Einstein also became known as not having a very good memory. He was constantly forgetting things: umbrellas, to change his clothes, dates including birthdays, and phone numbers. He had so much more on his mind like relativity and atoms. The women in his life learned that you just went behind him filling in the gaps and picking up the discarded items. It gives us all hope to see a genius have such a bad memory.
In 1905 he obtained his Doctorate and began his renown academic climb. Just nine years later he became the Director of Kaiser Wilhem Physical Institute and Professor at the University of Berlin. That same year he became an official citizen of Germany. Five years later he divorced Mileva.
Looking at pictures of Einstein as we know him does not exactly make a young woman’s heart flutter. But there must have been something to that man. He was known for affair after affair. His extra-curricular activities were too much for his wife and just enough for the local gossips. In 1919 upon his divorce, he quickly married his cousin, Elsa Lowenthal. They did not have any children together and were together until her death in 1936.
In 1921 Einstein won the Noble Prize for Physics. He was making his mark beyond Germany now. In a span of 12 years a lot can happen though. During those years Germany changed. The bitter ending of the Great War was still fresh and there was resentment brewing in the hearts of many Germans. This opened the door for Hitler to step and make the “desired” changed that the Germans were seeking for. But the country got more than they bargained for. Many including Einstein were labeled “enemies of the state” and had their homes and other property routinely searched and at times seized. Not falling in with the “majority” could have deadly side effects. Einstein’s reaction was to continue to speak out against Hitler and the atrocities he was beginning to make a part of everyday life. This led him to renounce his citizenship in 1933 and move to America as the Professor of Theoretical Physics at Princeton University.
America received him with open arms and by 1939 Einstein was conversing with President Franklin D. Roosevelt and warning him that Germany was in the process of using Einstein’s own work to develop the atomic bomb, a device that would be akin to the destruction of all mankind. Though a peace loving man, he began to encourage Roosevelt to develop his own or prepare to say “Heil, Hitler” everyday. Thus began the Manhattan Project. He became a U.S. citizen in 1940 and in 1945 resigned his position at Princeton.
A Life to Impact Many
Most don’t realize that Einstein was very big in getting Israel a home of their own. In fact he was offered the Presidency of Israel. He could have become Israel’s first leader in centuries. Instead he decided to focus on education instead of politics and co-founded the Hebrew University of Jerusalem.

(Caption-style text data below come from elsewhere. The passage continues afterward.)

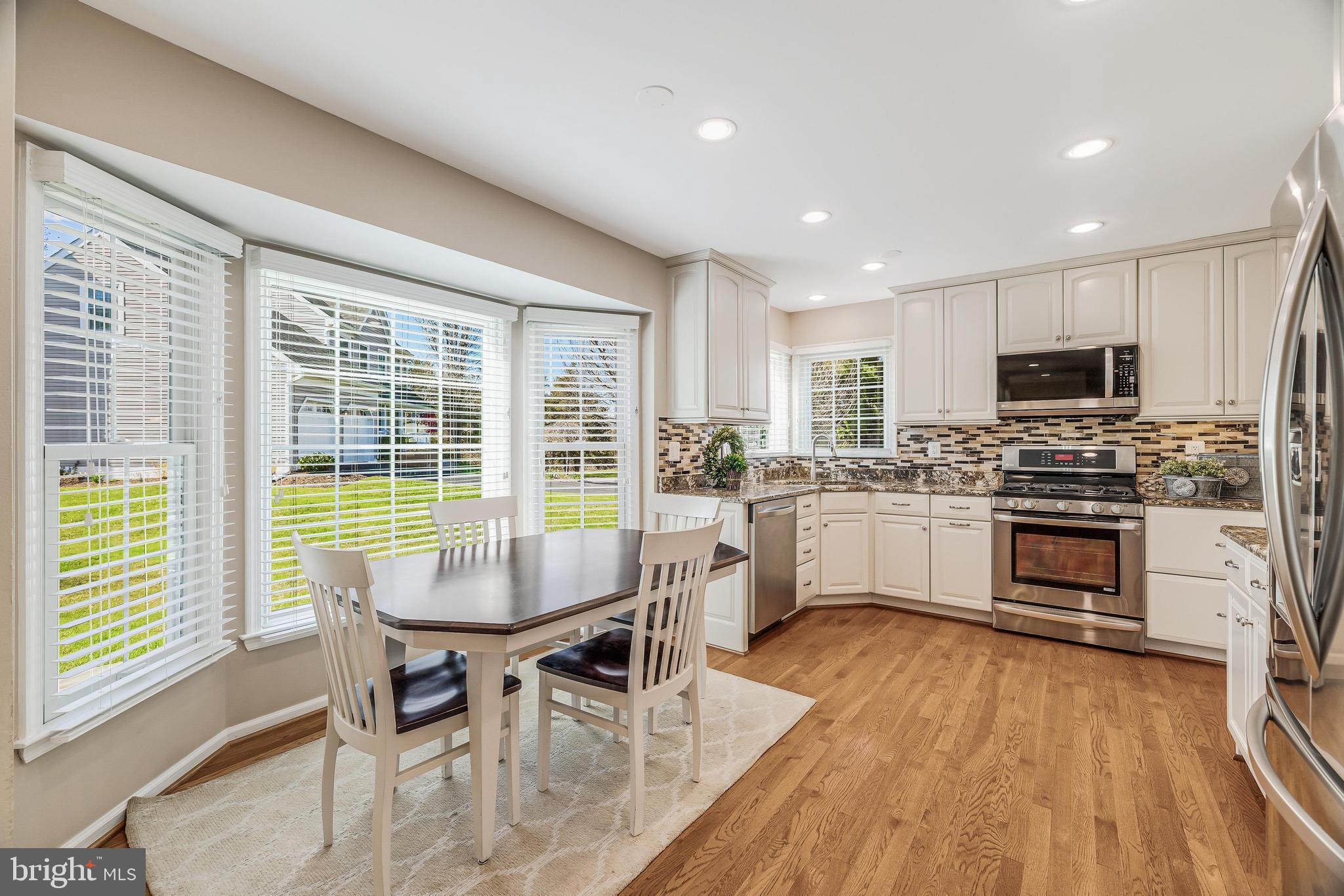 CHANTILLY HIGHLANDS - Residential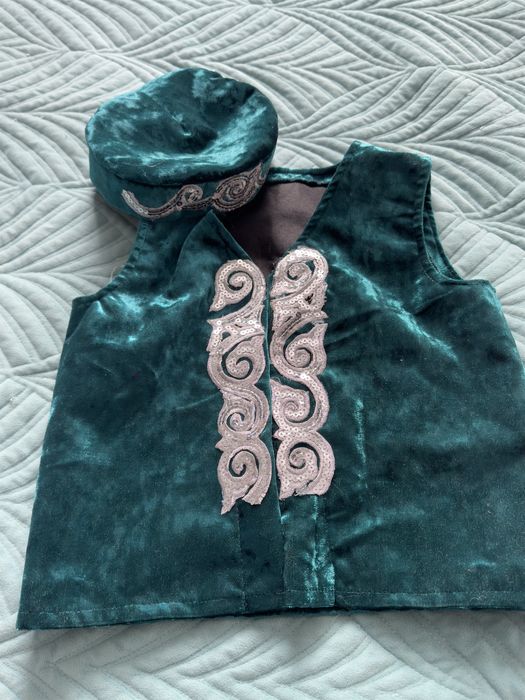 Национальный жилет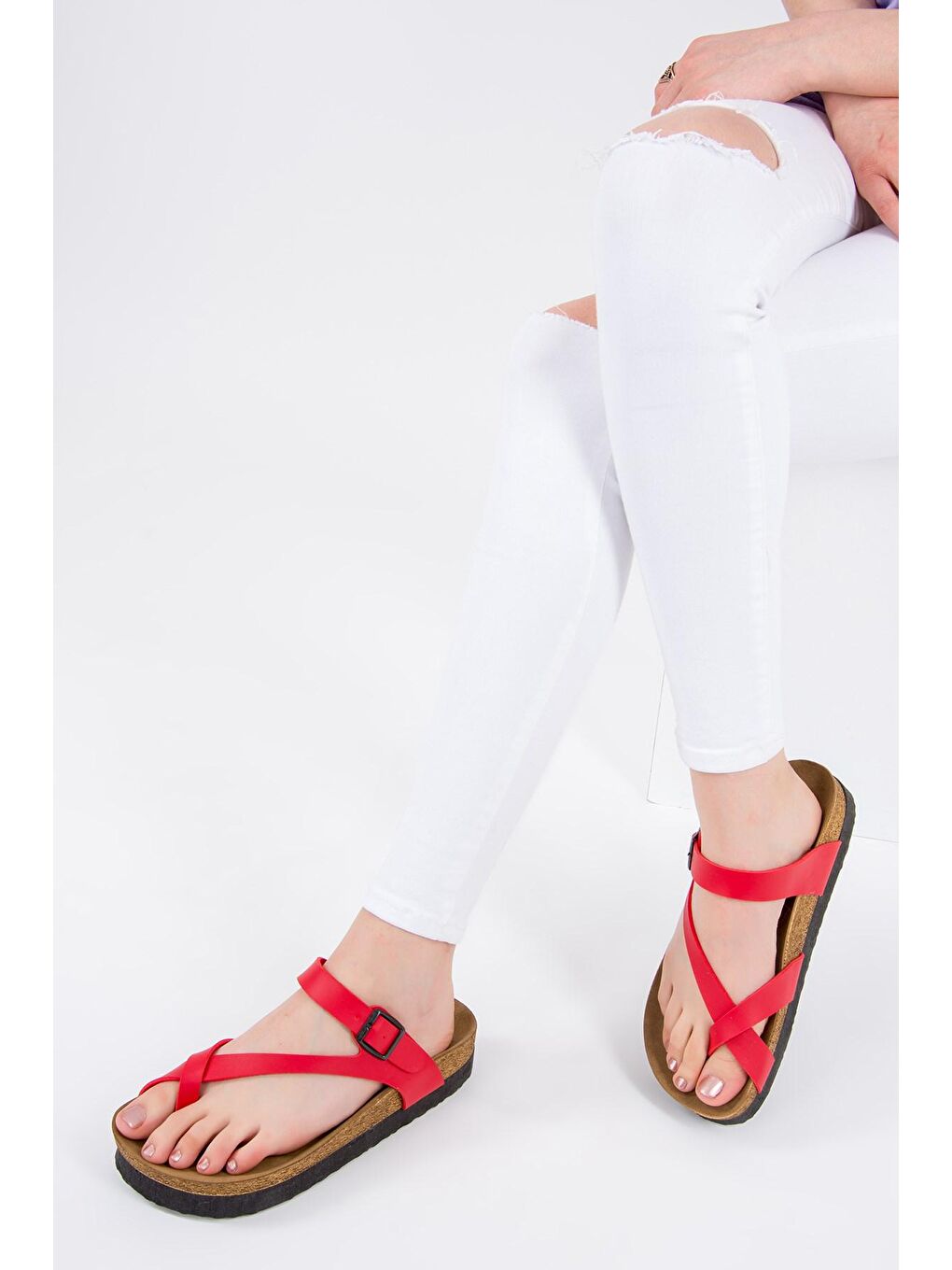 B777753009 Kırmızı Kadın Terlik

On April 18, 1955 in Princeton, New Jersey, Albert Einstein said goodbye to a world that loved him, cursed him, and envied him. He became the Time magazine Person of the Century. His parents would have been shocked at all he had done. The child thought to be retarded led the world in science. The man who had trouble with family life, gave hope to many Jewish families. The man who longed for peace brought radiation and death the thousands. The man who could have had the world at his finger tips, preferred the lab and the classroom. A man we can all relate to and who can give of us hope.